Source: https://knoema.com/atlas/Viet-Nam/Inflation-rate
Vietnam was a small and outdated agrarian country. From the national unification in 1975 to
1985, the nation struggled with its five-year plans on collectivization of agricultural and
industrial production. However, the real results were often far behind expectation because the
guiding principles "violated the most important motivation for production development, that it
is worked against the working people's vital vested interests

Upon the failure of the 1985 price-wage-currency adjustment scheme, a severe economic crisis
followed, resulting in hyperinflation of 775% in 1986, scarcity of staples and consumer goods,
impoverished living conditions, industrial stagnation, and mounting foreign debts The chaos had
put the CPV under immense pressure to get the country out of the crisis, and Doi Moi policies
were an answer introduced in 1986. However, Doi Moi leaders demonstrated some remarkable
entrepreneurial characteristics in their economic thinking and implementation about the
adoption of a multi-sectoral economy based on different types of ownership, encouraging for
foreign investments, foreign trade.

By December 2001, entry-into-force of the Bilateral Trade Agreement (BTA) between the U.S.
and Vietnam is a significant milestone for Vietnam's economy.

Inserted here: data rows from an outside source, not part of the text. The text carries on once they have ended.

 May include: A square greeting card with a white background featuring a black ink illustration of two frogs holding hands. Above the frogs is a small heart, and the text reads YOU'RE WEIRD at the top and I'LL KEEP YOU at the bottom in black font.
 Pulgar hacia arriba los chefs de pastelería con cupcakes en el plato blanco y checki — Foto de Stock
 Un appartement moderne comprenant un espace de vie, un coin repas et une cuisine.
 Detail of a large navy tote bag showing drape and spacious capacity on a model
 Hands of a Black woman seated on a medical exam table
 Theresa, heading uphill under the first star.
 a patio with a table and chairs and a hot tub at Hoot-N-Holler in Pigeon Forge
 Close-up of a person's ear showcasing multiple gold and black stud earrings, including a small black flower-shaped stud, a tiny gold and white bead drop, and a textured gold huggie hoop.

Implementation of this
agreement, which includes provisions on trade in goods, trade in services, enforcement of
intellectual property rights, protection for investments, and transparency, is fundamentally
changing Vietnam's trade regime and helping liberalize its economy.

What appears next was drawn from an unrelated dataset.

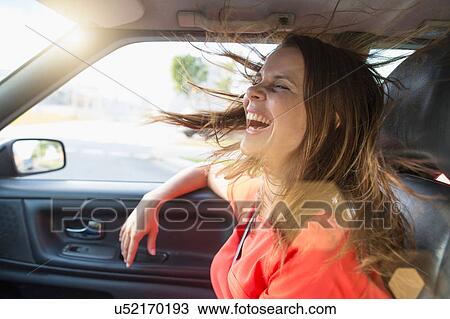 Stock Image - Mid adult woman with flyaway hair in front seat of car. Fotosearch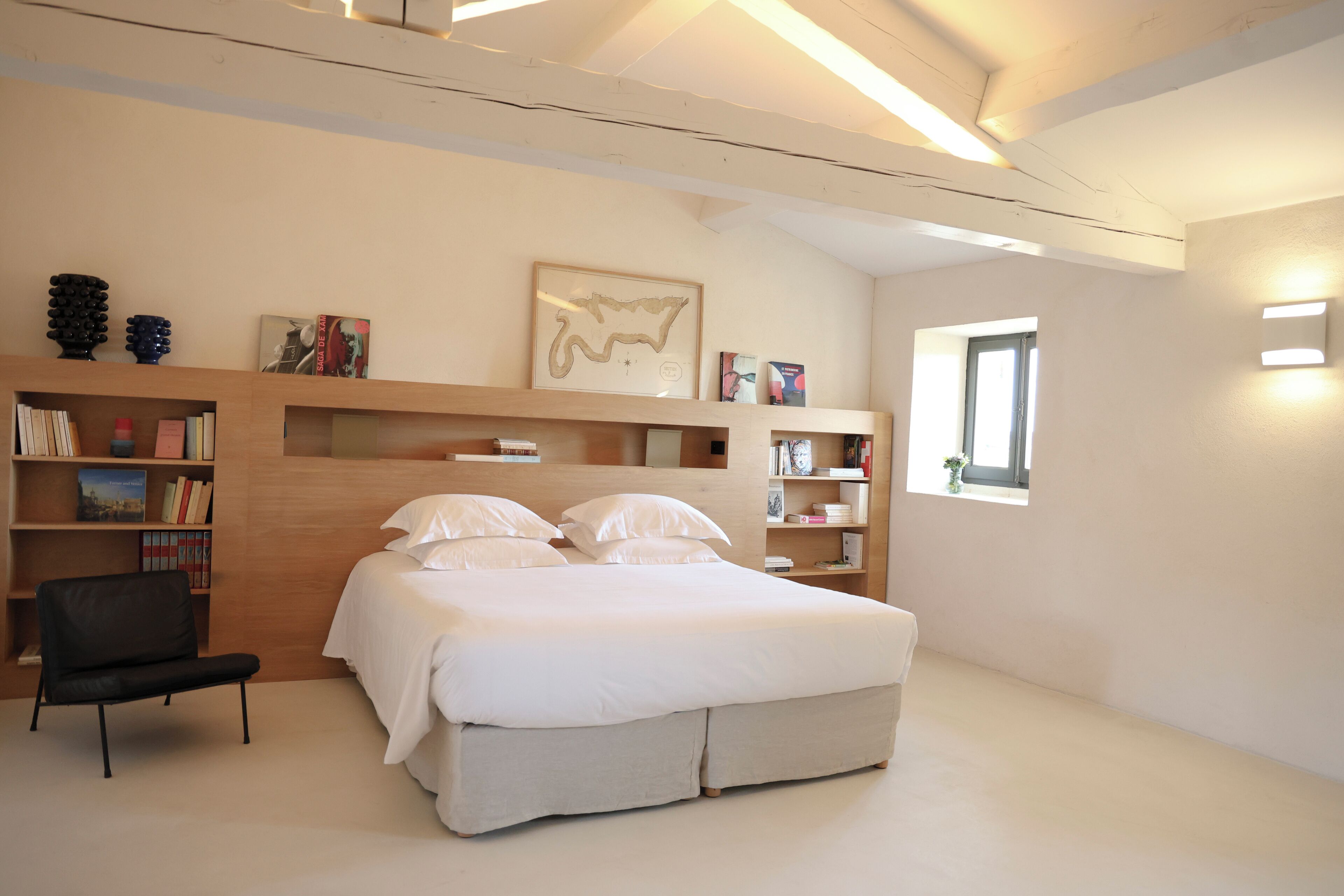 A modern bedroom with a large bed, built-in bookshelves, a desk, and a window with natural light.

Vietnam's economic growth rate slowed to 5.9 percent and annual inflation soared in 2011 even
as the government focused on fighting higher prices by tightening bank lending. Vietnam's
economy grew at a slower pace of 5.9 percent in 2011, compared to 6.78 percent. Despite the
inflation situation, Hanois central bank, the State Bank of Vietnam, made cuts to several key
interest rates last week that went into effect on December 24th. This includes cutting the
discount rate to 7% from 8%, a 1% cut to the refinance rate, and similar 1% cuts to agriculture
lending rates and the short term deposit ceiling. This is the sixth time in the last year that
Vietnam has cut interest rates.

To synthesize the aforementioned data, Vietnams inflation is greatly influenced by political


intervention. From the adoption of Doi Moi in 1986 by the CPVs Sixth National Congress to
present day, Vietnam's economy has transformed from a centrally-planned model to market
oriented with four characterized sub-periods. Vietnam, therefore has a difficulty in maintaining
the price stability and the available resources are important to understand what has been
driving this high inflation. While it is known that Vietnam is experiencing double-digit CPI
inflation again, this has shown a significant bearing on the macroeconomic as well as the policy
outlook for again the factors of inflation above is politically motivated.